Текстик оказался подслеповатым сканом странички с репринтными ангелочками по сторонам слащавого заглавия «Благодетельная сила детской молитвы», с ятями и конвоем твердых знаков. Но, вчитавшись, Данил забыл и ангелочков, и лапидарно-нелепый стиль неведомого автора.

«…итак, мы приехали паломницами в Свято-Успенскую обитель, чтобы молить о здравии моего дорогого хворающего супруга и отца моей пятилетней дочери. Ибо он все сильнее страдал коликами чрева, и мы в страхе Божием и трепете готовились к самому худшему.

Погоды стояли вьюжныя и по пути со станции в открытых санках мы изрядно продрогли.

Дочурка моя Нина у ворот монастыря нашла замерзшую птичку. Сия пичужка на вид была мертвее мертвой, и Ниночка горько заплакала над тельцем. Но когда мы подошли к вратам собора, я услыхала ея радостный вскрик! (ея это дочки или птички?) Ниночка держала в ладони ожившую пичужку, та взлетела и скрылась в вышине!

«Мамочка, милая мамочка, я горячо молилась чтобы Боженька воскресил сию птичку, и видишь, Он услыхал! Она жива!»

Поистине, я была поражена сим несказанным знаком Божией милости к невинным деткам. Я попросила Ниночку «молись, крошка, за здравие папеньки, молись горячее!» И как же утешилось мое сердце, когда в соборе ея серьезное личико и крестное знамение ея тонкой ручки сопровождалось ангельским пением…» и так далее, и тому подобное.

Понятно, по возвращении папенька животом маяться перестал и все семейство благодарно возрыдало, воссоединившись. Под текстом стояла дата, 1898 год, и Данил подумал — куда занесло потом сию малышку Ниночку, в семнадцатом году ей стукнуло двадцать пять. Стала машинисткой в каком Главначупре или стамбульской гетерой?

Он пересказал Оле содержание.

— А! Вот тебе и след!

— В женский монастырь вообще-то нас не пустят. Ты за паломницу не сойдешь с бородатой разбойничьей рожей. Дашка бы смогла попасть, она обаятельная…

— Придется романтически идти туда без спроса, о юный гололицый брат мой в покойниках. Идем после полуночи. Пока предлагаю пойти, найти и сожрать чего-нибудь скоромного. Вывеску кафе я видел в центре.

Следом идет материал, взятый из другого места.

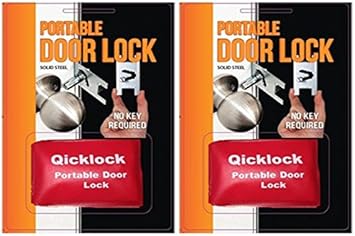 qicklock portable door lock
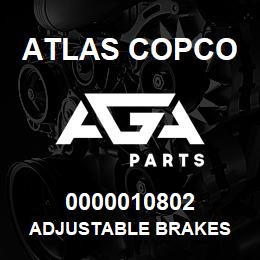 0000010802 Atlas Copco ADJUSTABLE BRAKES | AGA Parts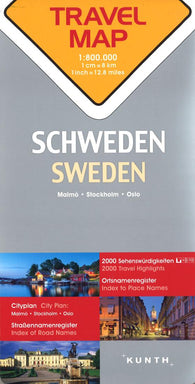 Buy map Schweden = Sweden : travel map = Sverige = Suède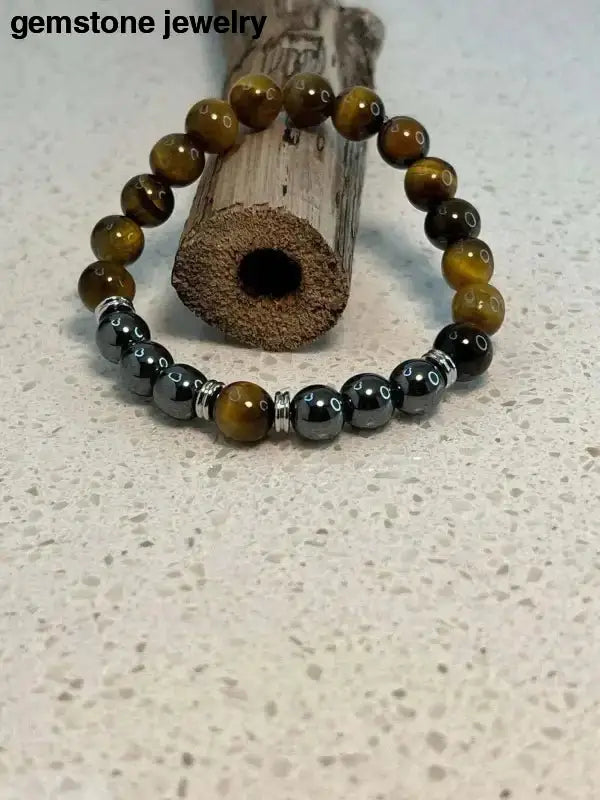 Tiger Eye and Hematite Beaded Bracelet for Natural Style - Bec Sue Jewelry Shop
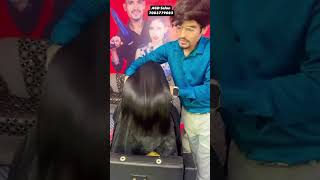 Permanent Hair straightening  straightening kaise Kare ￼shorts [upl. by Lazar]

Данилу показалось, ночь пахнет ладаном. Хотя к монастырю они только-только подошли. Мутно белели стены, чем-то похожие на хребет скелета динозавра во мраке. Ветер шевелил кусты, и листья шептались с высокой травой. Живым бы пригодились свитера.

Он оглянулся.

— Трусишь по старой памяти? — хмыкнул Ольгер, — сейчас самые опасные твари на тыщу лиг мы с тобой.

Они оба в темных куртках даже в упырином зрении почти сливались с темнотой, и луны не было.

— Погоди, — сказал Данил, ощущая спиной взгляд, не злой, но пристальный. — Я ж чую на нас кто-то пялится. И вряд ли монашки. Звери?

Вот тогда на фоне беленой стены появилась фигура вроде крупной собаки. Подошла ближе, теперь Данил отчетливо различил вместо нормальной, пусть и злобной морды — почти человеческое лицо, с грубыми чертами и широким носом. Лицо обрамляли патлы, словно облезлая львиная грива.